2. Your customer service reps are your lifeline. They’ll make or break your business as surely as you breathe. Negative attitudes and antipathy are the kiss of death. This is especially true during tough economic times, such as these, when customers have so many alternatives to turn to at the first little whiff of “attitude.” (Recently I tried to make a reservation with Radisson Hotels and got so much attitude from the phone rep when I asked questions that I just hung up. I’ll remember that negative experience for a long time.)
3. In today’s environment, your call-center reps not only have to do a great job, they need the customer to say they did a great job, as well. For example, try calling AT&T to ask a question about your phone bill. It does a terrific job with customer service. You can tell right away by talking to the reps that your issue is their highest priority. My local cable company, on the other hand, is the exact opposite.

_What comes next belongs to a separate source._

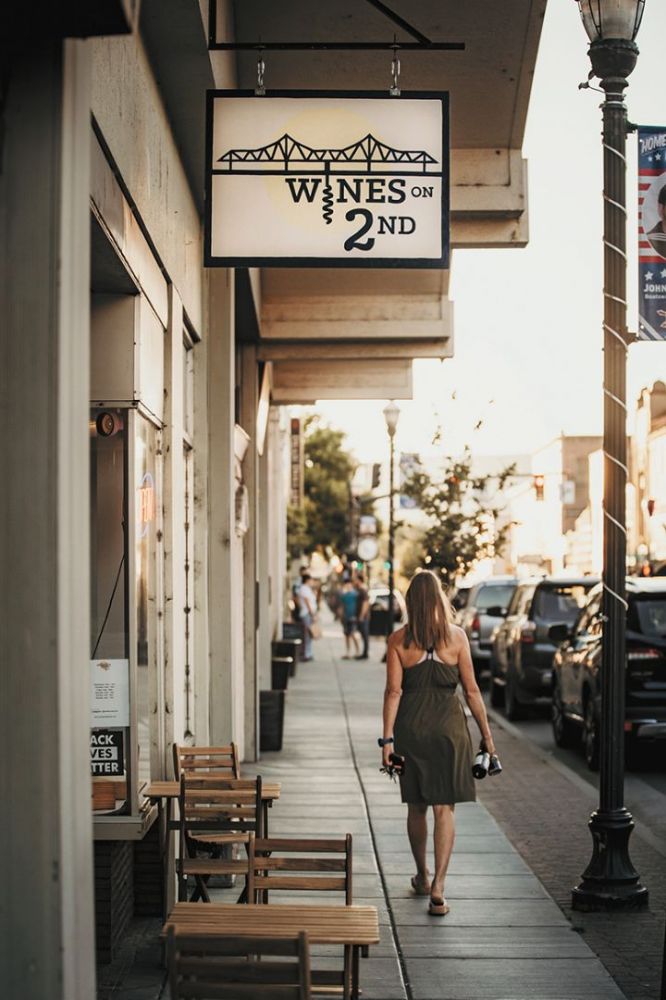 A customer leaving Wines on Second. ##Photo by Kathy Pothier A customer leaving Wines on Second. ##Photo by Kathy Pothier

4. Ask for, and respect, customer preferences. Nowadays customers are “driving the bus,” so you better ask them how often they’d like your full-line catalog, your sales catalogs, your e-mail newsletters, your special customer sale e-mails and so on. Confirming basic customer information and asking for preferences are part of inbound sales reps’ jobs. They need to do it seamlessly, effortlessly and make the customers feel they’re working for them in the process.
5. Remember, what may seem like a stupid question to your call-center rep is obviously not to your customer. Any question should be answered respectfully, along with a reference or referral for more detailed or related information. When I tried to make my hotel reservation at Radisson, my question on how many square feet the hotel room was was scoffed at. It seemed like a logical question to me.
6. Hire some “racehorses” for your call center. Pay them double your normal rate, and expect double performance. More experienced, mature reps can often change the attitude on the floor and provide leadership.
7. Post performance metrics for each call-center rep every week. Nothing silences complainers like knowing they’re in the bottom quartile of performers and, as such, have little credibility and may be in danger of losing their job.
8. Make sure every senior manager in your business walks through the call center each day, knows all the reps by name, demonstrates respect for the importance of the position and has productive conversations about what’s going on with customers.
Your inbound call-center reps are your front lines. They hear the “pains” of your customers, receive new product and service ideas, among other things, all while building relationships, loyalty and repeat business. If your call-center staff isn’t the happiest, most productive group in your business, you’ve got work to do.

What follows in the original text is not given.